In such a hybrid, a centralized board identifies officers eligible for command. Eligibility, however, would not equate to a guarantee of command placement. Those deemed eligible are subsequently transferred to the major subordinate commands (MSC) in advance, based on projected command openings. The numbers transferred into the MSC will exceed the number of projected command openings. The officers would arrive in the MSC sufficiently in advance to be observed by those making command selections and receive at least one observed fitness report. Only after these benchmarks are met could a command eligible officer be selected for command by the MSC commanding generals or regiment/group commanding officers, as appropriate. 

In such a system, the ultimate decisions are pushed down to the officers best positioned and knowledgeable to make these critical choices. Decisions based on high probability of personal knowledge of the command eligible officer. Since there is no “right” to command, the decisions made by the local commanders will stand and not be subject to “appeal” or challenge. 

The commanders making the decisions will be evaluated for the results of their choices. At the end of the day, as alluded to, the commanders responsible for training and leading their units are vested with the critical obligation and commensurate authority and accountability for putting the best into command.

This hybrid works best in the operational forces, for the previously stated reasons. However, it may not necessarily work equitably for officers serving in some specialties. 

For example, communications, supply, and logistics officers can serve in units across the operational forces, holding billets in a wing, division, and/or logistics group before being promoted to lieutenant colonel, almost certainly receiving performance reviews by reporting seniors and reviewing officers outside of their occupational field. Similarly, what would work for the operational forces does not necessarily address non-operational unit commands, such as recruiting, schoolhouses, Marine Security Guard, recruit training battalions, etc.
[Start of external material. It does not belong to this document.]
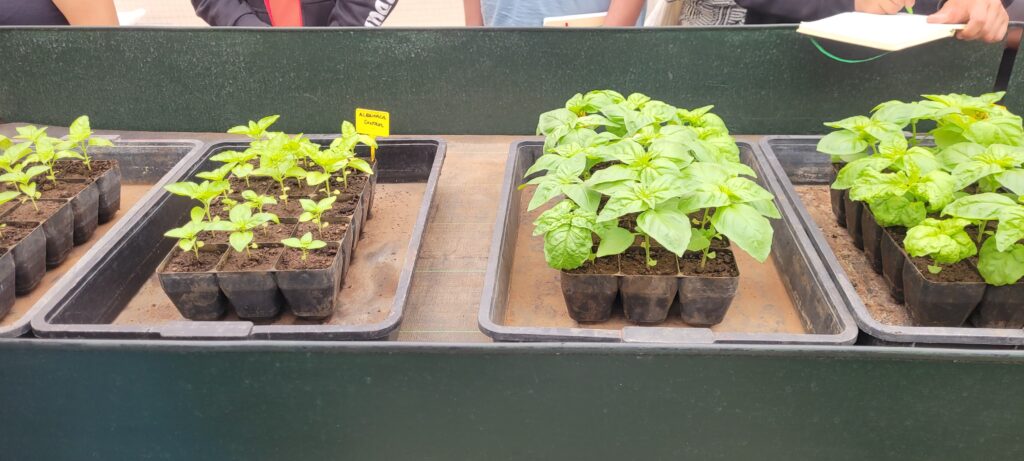 Hacia una Agricultura Más Sostenible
This leaves open some of the debate between a centralized process and total local responsibility.

Even so, anecdotal evidence presented by the seeming increase in relieving operational unit commanders suggests a critical review of the current select and assignment process is warranted. 

If the review points to changing the current process, empowering, and holding accountable local commanders for the decision to place individuals into command reinforces the role of our commanders in being responsible for that which their units do or fail to do. 
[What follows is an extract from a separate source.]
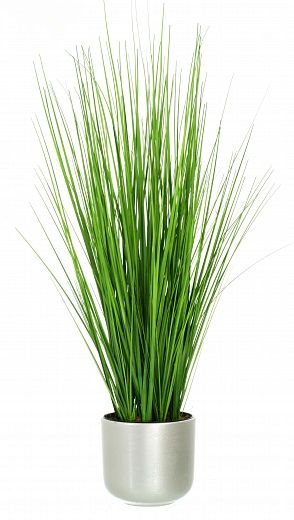 Sedge Carisa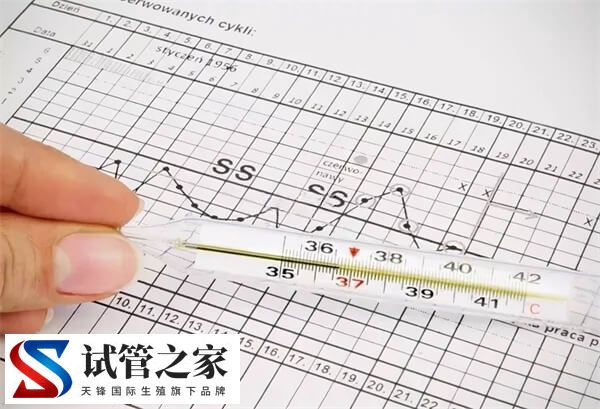 试管着床后体温有什么变化(图1)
If they are entrusted with leading our Marines and sailors in combat, then they can damn well be entrusted to select their subordinate unit commanders.

Before being deemed eligible to command, our institution first has the responsibility of appropriately preparing every officer to ultimately command. Foremost in the ongoing preparation process is the absolute requirement for every commander to present, model, and reinforce the moral obligations of leadership. 

And in the end, by whatever process, only our best should be extended the privilege of commanding Marines.